Exercise input
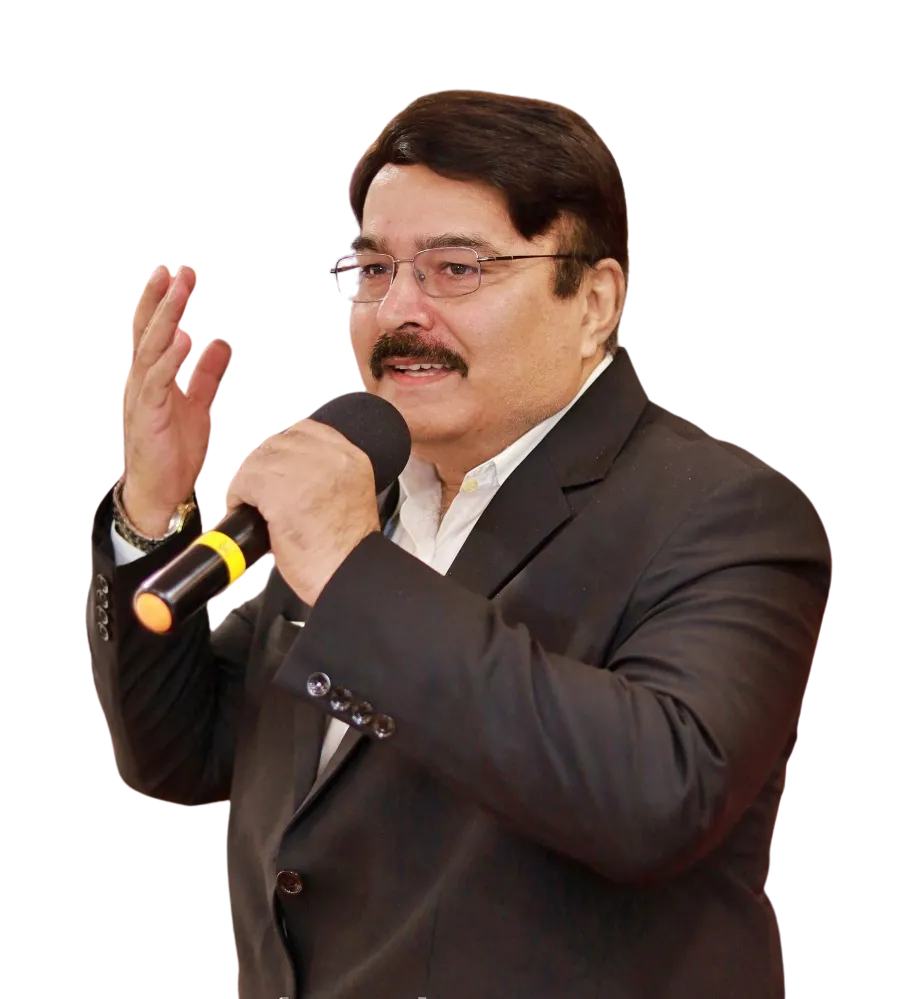 Rajesh Tripathi performing at MSM Karaoke Club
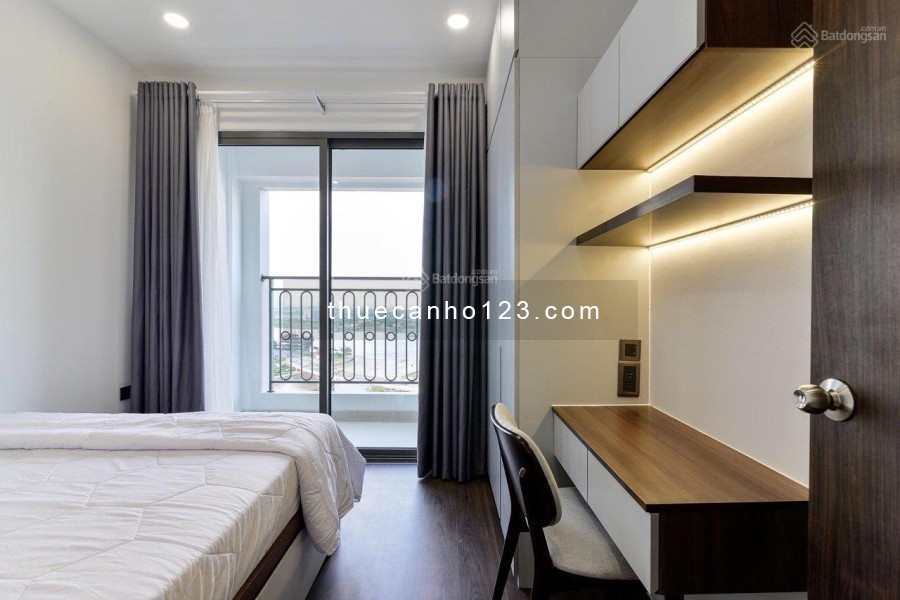 Cho thuê căn hộ 102M2, 2PN/2WC, Nội thất cơ bản tại Him Lam Quận 6. LH/0902.685.071.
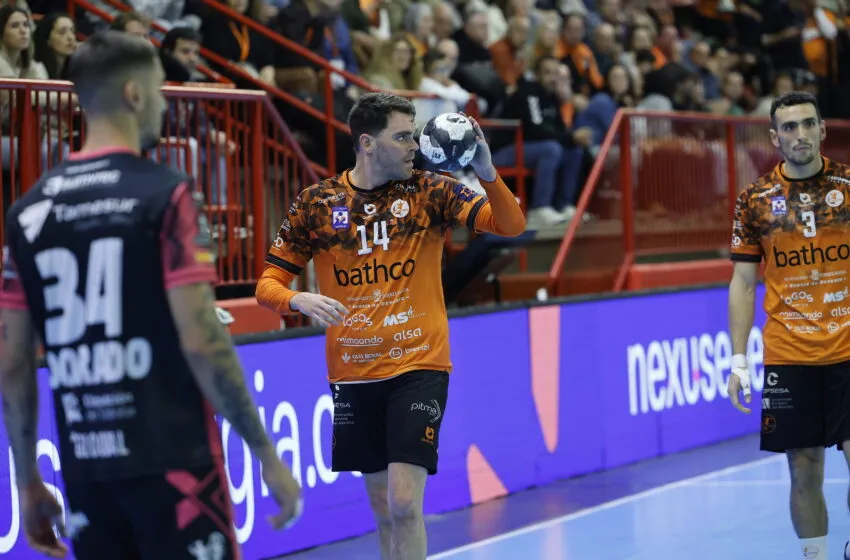 El Bathco BM Torrelavega encara un duelo clave para afianzar su camino hacia la Copa de España
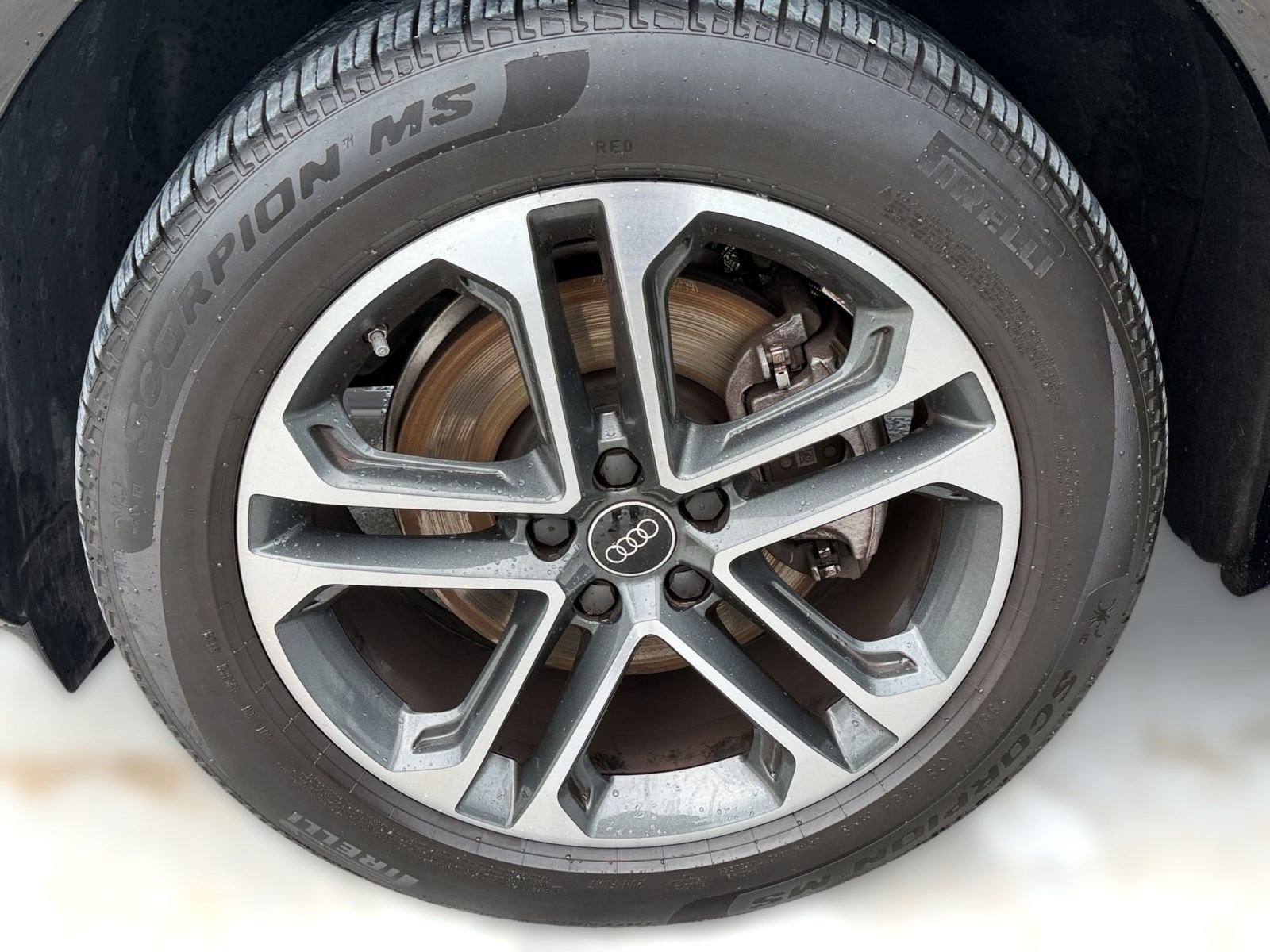 Certified 2025 Audi Q5 Premium w/ Premium Plus AWD/4WD image 12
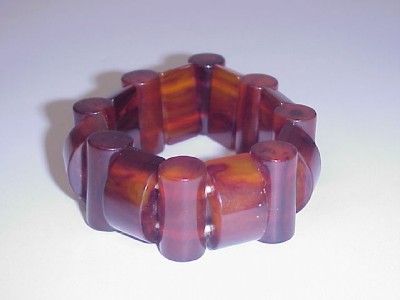 VINTAGE AMBER STRETCH BAKELITE BRACELET  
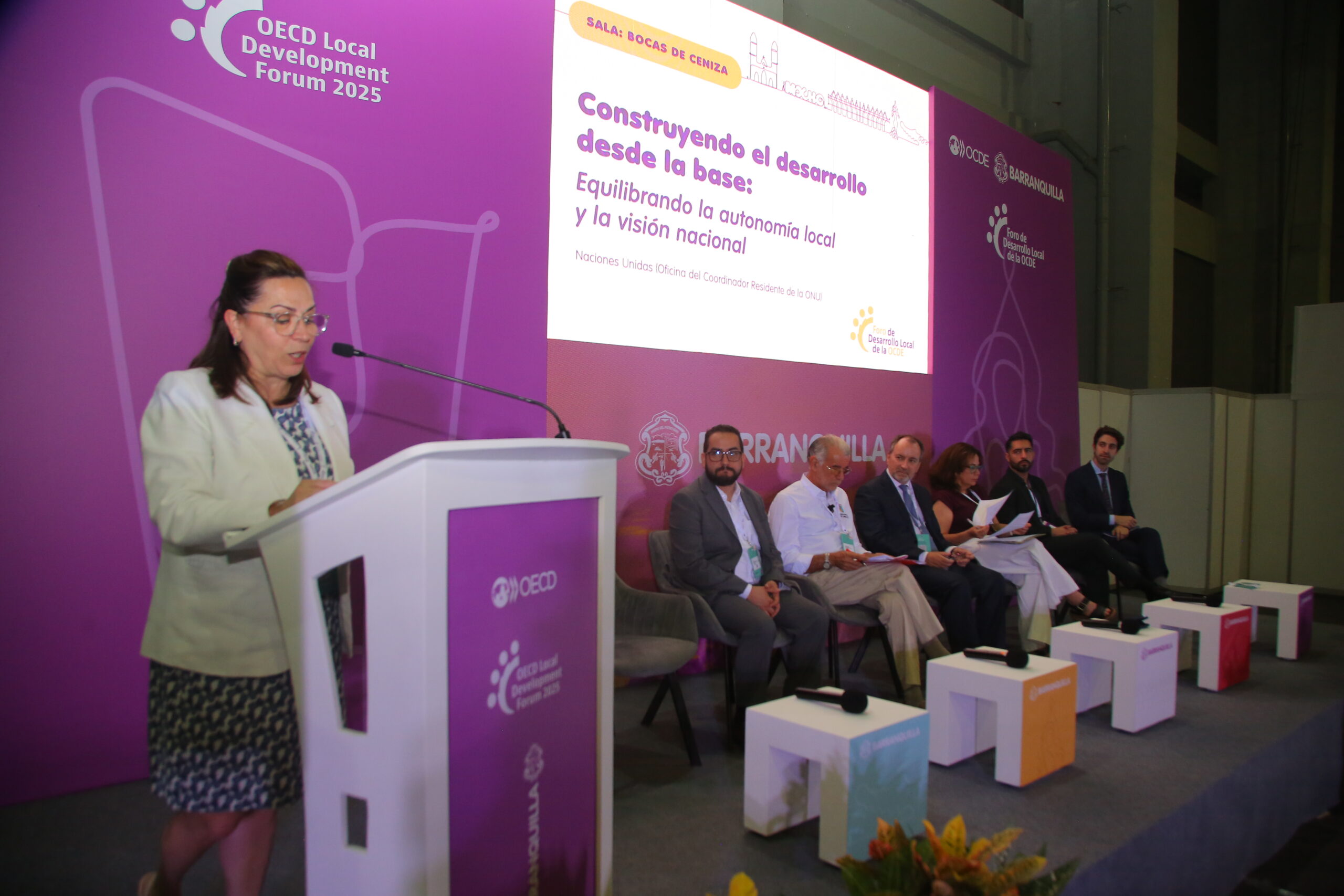 Ponente expone ante participantes durante Foro Local  de Desarrollo Local sobre “Construyendo el desarrollo desde la base”.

Exercise directions
Give back an exact copy of the material above, omitting the pictures.

Your response
 Rajesh Tripathi performing at MSM Karaoke Club
 Cho thuê căn hộ 102M2, 2PN/2WC, Nội thất cơ bản tại Him Lam Quận 6. LH/0902.685.071.
 El Bathco BM Torrelavega encara un duelo clave para afianzar su camino hacia la Copa de España
 Certified 2025 Audi Q5 Premium w/ Premium Plus AWD/4WD image 12
 VINTAGE AMBER STRETCH BAKELITE BRACELET  
 Ponente expone ante participantes durante Foro Local  de Desarrollo Local sobre “Construyendo el desarrollo desde la base”.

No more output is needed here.